Rethinking Policy Diversity in Ensemble Policy Gradient in Large-Scale Reinforcement Learning

ICLR 2026 Conference SubmissionAnonymous Authors
Distributed Reinforcement LearningAgent Ensemble LearningAgent DiversityExploration Efficiency
Abstract:

Scaling reinforcement learning to tens of thousands of parallel environments requires overcoming the limited exploration capacity of a single policy. Ensemble-based policy gradient methods, which employ multiple policies to collect diverse samples, have recently been proposed to promote exploration. However, merely broadening the exploration space does not always enhance learning capability, since excessive exploration can reduce exploration quality or compromise training stability. In this work, we theoretically analyze the impact of inter-policy diversity on learning efficiency in policy ensembles, and propose Coupled Policy Optimization (CPO), which regulates diversity through KL constraints between policies. The proposed method enables effective exploration and outperforms strong baselines such as SAPG, PBT, and PPO across multiple dexterous manipulation tasks in both sample efficiency and final performance. Furthermore, analysis of policy diversity and effective sample size during training reveals that follower policies naturally distribute around the leader, demonstrating the emergence of structured and efficient exploratory behavior. Our results indicate that diverse exploration under appropriate regulation is key to achieving stable and sample-efficient learning in ensemble policy gradient methods.

Disclaimer
This report is AI-GENERATED using Large Language Models and WisPaper (A scholar search engine). It analyzes academic papers' tasks and contributions against retrieved prior work. While this system identifies POTENTIAL overlaps and novel directions, ITS COVERAGE IS NOT EXHAUSTIVE AND JUDGMENTS ARE APPROXIMATE. These results are intended to assist human reviewers and SHOULD NOT be relied upon as a definitive verdict on novelty.
NOTE that some papers exist in multiple, slightly different versions (e.g., with different titles or URLs). The system may retrieve several versions of the same underlying work. The current automated pipeline does not reliably align or distinguish these cases, so human reviewers will need to disambiguate them manually.
If you have any questions, please contact: mingzhang23@m.fudan.edu.cn

Overview

Overall Novelty Assessment

The paper proposes Coupled Policy Optimization (CPO), which regulates diversity in ensemble policy gradient methods through KL constraints between policies, and provides theoretical analysis of how inter-policy diversity affects learning efficiency. Within the taxonomy, it resides in the 'Explicit Diversity Control in Multi-Agent Systems' leaf alongside one sibling paper ('Controlling Behavioral Diversity'). This leaf is part of the broader 'Policy Diversity Regulation and Control Mechanisms' branch, which contains only two leaves and five total papers. The placement suggests the paper addresses a relatively focused research direction within a moderately sparse area of the field.
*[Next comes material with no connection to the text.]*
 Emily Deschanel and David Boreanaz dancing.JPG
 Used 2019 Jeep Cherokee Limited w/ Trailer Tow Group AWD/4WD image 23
The taxonomy reveals that neighboring work splits into two main directions: explicit diversity control (where this paper sits) versus implicit diversity enhancement through intrinsic motivation or variational methods. The 'Diversity Measurement and Analysis' sibling leaf contains three papers examining diversity-performance relationships without control mechanisms, while the parallel 'Exploration and Behavioral Diversity Enhancement' branch explores intrinsic rewards and parallel policy strategies. The scope notes clarify that CPO's explicit KL-based regulation distinguishes it from methods that promote diversity only implicitly, positioning it at the intersection of diversity control and scalable parallel training.

Among the eleven candidates examined through limited semantic search, none clearly refute any of the three identified contributions. The theoretical analysis of diversity impact examined ten candidates with zero refutations, while the CPO method itself examined one candidate with no overlap found. The empirical demonstration of structured policy formation examined zero candidates. This limited search scope—covering roughly half the taxonomy's twenty-two papers—suggests the analysis captures closely related work but may not reflect the full landscape. The absence of refutations among examined candidates indicates potential novelty within the search scope, though the small sample size limits definitive conclusions.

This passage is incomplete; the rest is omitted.